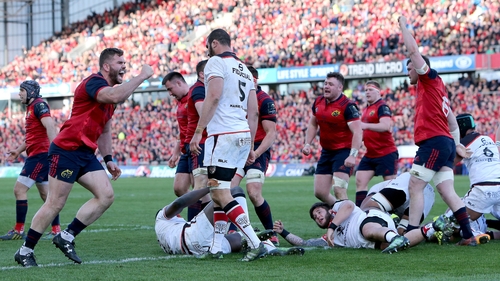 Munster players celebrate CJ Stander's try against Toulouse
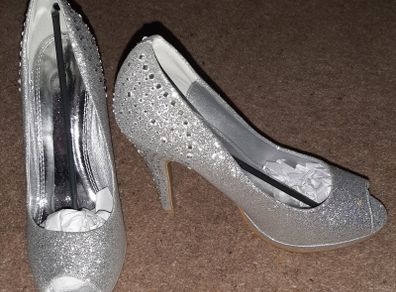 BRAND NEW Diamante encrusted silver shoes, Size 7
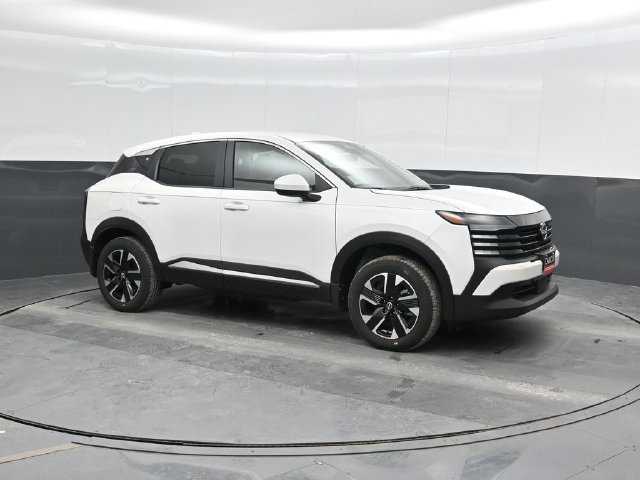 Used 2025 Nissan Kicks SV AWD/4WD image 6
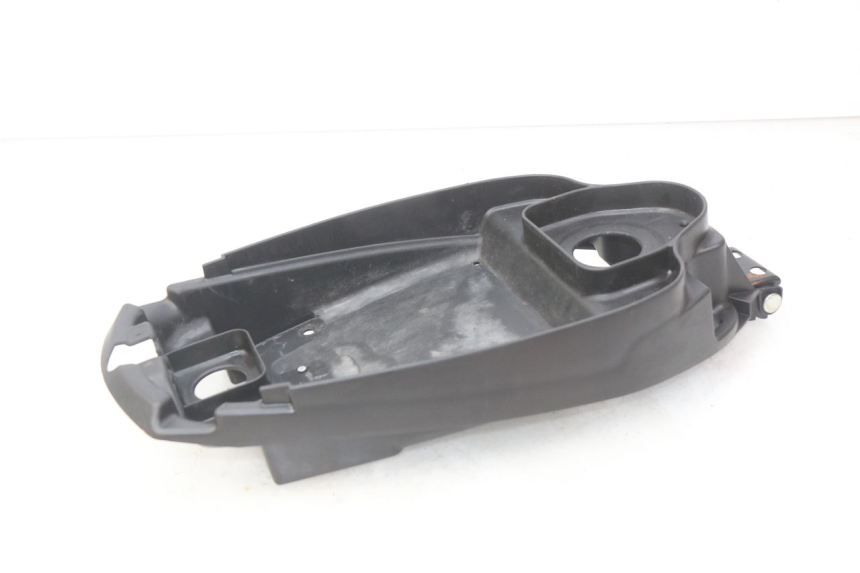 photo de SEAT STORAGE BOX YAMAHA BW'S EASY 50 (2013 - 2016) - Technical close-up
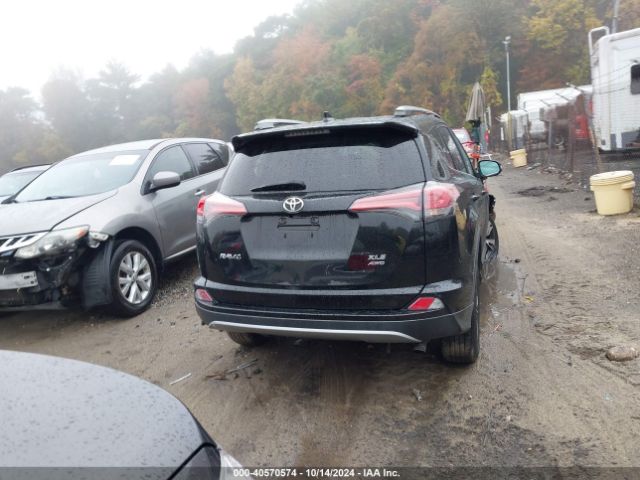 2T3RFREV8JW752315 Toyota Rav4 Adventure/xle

----------------------------------------

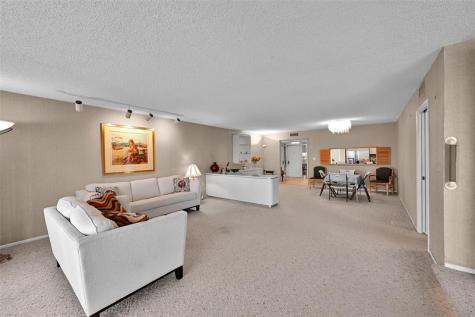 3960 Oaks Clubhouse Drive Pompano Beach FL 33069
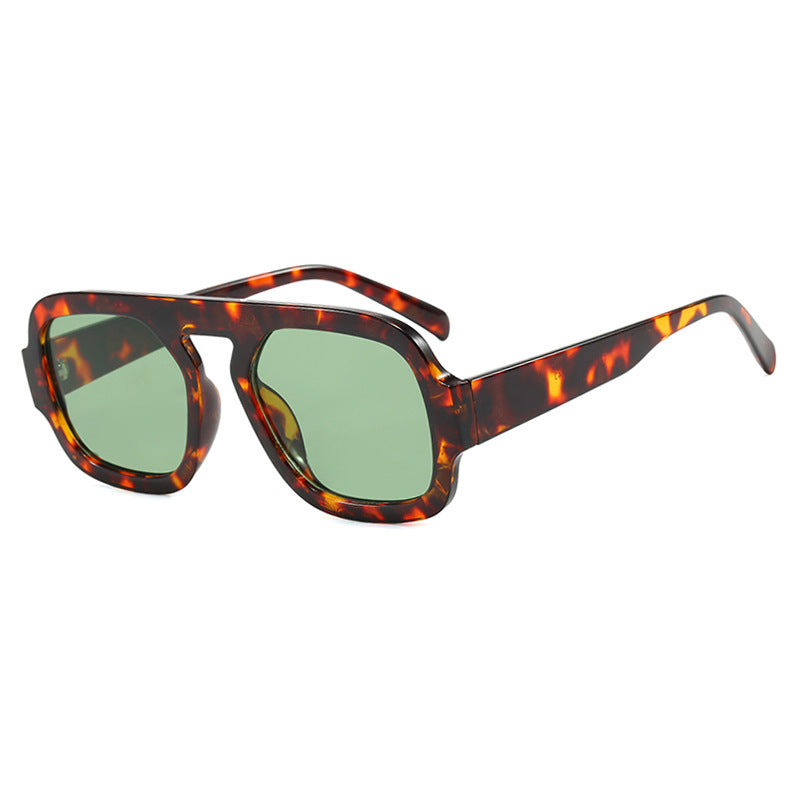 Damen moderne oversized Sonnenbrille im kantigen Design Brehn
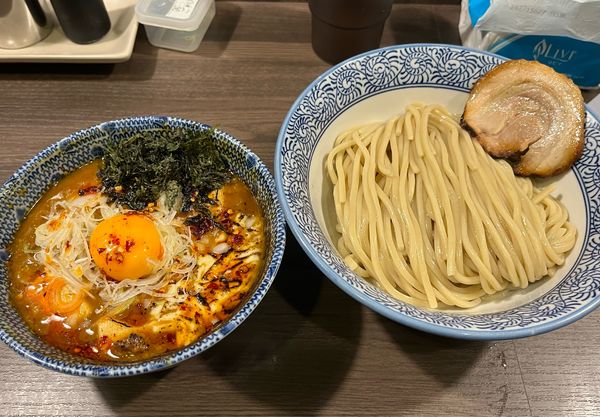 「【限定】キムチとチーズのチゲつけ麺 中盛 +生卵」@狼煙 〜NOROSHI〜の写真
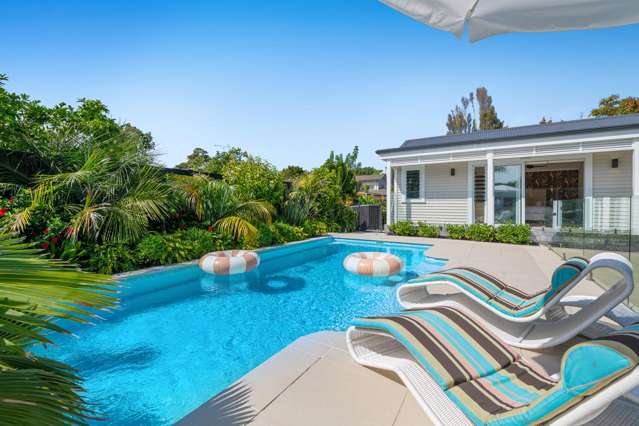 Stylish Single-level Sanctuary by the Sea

----------------------------------------

**Problem**
Among the records above, locate the line containing "Munster players celebrate" and the line containing "2T3RFREV8JW752315 Toyota Rav4 Adventure/xle", then transcribe exactly the lines starting at the first and ending at the second, with no pictures.

**Output of the task**
 Munster players celebrate CJ Stander's try against Toulouse
 BRAND NEW Diamante encrusted silver shoes, Size 7
 Used 2025 Nissan Kicks SV AWD/4WD image 6
 photo de SEAT STORAGE BOX YAMAHA BW'S EASY 50 (2013 - 2016) - Technical close-up
 2T3RFREV8JW752315 Toyota Rav4 Adventure/xle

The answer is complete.